Siempre hizo una distinción muy clara entre el pecado y el delito. No dudó en perdonar al obispo de Merlo, Fernando Bargalló, cuando se enteró de que había tenido una relación amorosa con una mujer de edad madura. "Todos pecamos todos los días y Dios nos perdona", dijo por aquel entonces. Político al fin, también adjudicó a una operación política la aparición de fotos de Bargalló con la mujer en cuestión. Dicen que Bargalló, retirado ahora temporalmente por decisión propia en un convento de Barcelona, recibió una llamada telefónica de Bergoglio para saludarlo luego de que éste fue elegido papa.

Tampoco le gustó nunca que la Iglesia les cerrara las puertas a los divorciados. Su Iglesia está para contener y no para expulsar. Descartó siempre la idea de una Iglesia nostálgica de viejos esplendores, encerrada en sus verdades, indiferente a los cambios del mundo y de la sociedad. La prefiere lejos del Estado. Una de sus ideas más revolucionarios explayadas en Río de Janeiro fue la que promovió, precisamente, la laicidad del Estado. Bergoglio es el papa que llegó con más experiencia en el diálogo con las otras religiones, sobre todo con la judía y la musulmana. Sería contradictorio que siguiera pidiendo un Estado con el catolicismo como religión oficial.

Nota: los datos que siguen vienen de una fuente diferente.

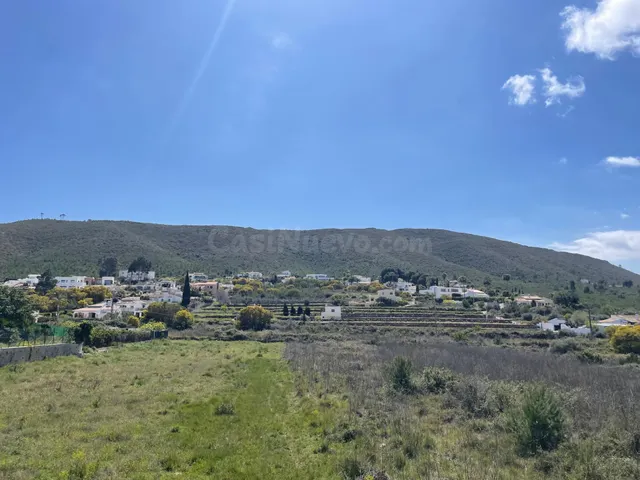 Terreno en Jávea en zona residencial | 2.143 m2 con gran pot - foto 4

El tercer círculo es el núcleo duro de la doctrina. Ni la Teología de la Liberación ni el sacerdocio de la mujer ni el celibato serán probablemente motivos de cambios durante su papado. A la Teología de la Liberación la llamó "enfermedad de juventud" en Río, y anunció que seguiría la doctrina de Juan Pablo II sobre el papel de la mujer en la Iglesia. Pero sabe que la Iglesia está en deuda con la mujer. Por eso anunció una Teología de la Mujer, que seguramente será uno de los legados de su papado.

Al papa Benedicto ya lo quería cuando estaba en Buenos Aires. "Decían que era conservador y se cargó con 500 años de historia", me dijo cuando Benedicto renunció. Ningún otro papa había renunciado en los últimos 500 años. Benedicto era un papa intelectual que les hablaba a los intelectuales. Francisco es un intelectual que prefiere hablarle a la gente común. Ésa es la diferencia más notable entre ellos. Lo cierto es que Benedicto le abrió a Francisco la oportunidad de llegar al Vaticano, cuando éste creía que su oportunidad ya había pasado. Fue el primer paso de un monumental cambio. La Iglesia será después de Bergoglio más limpia y menos cerrada, más honesta y menos elitista.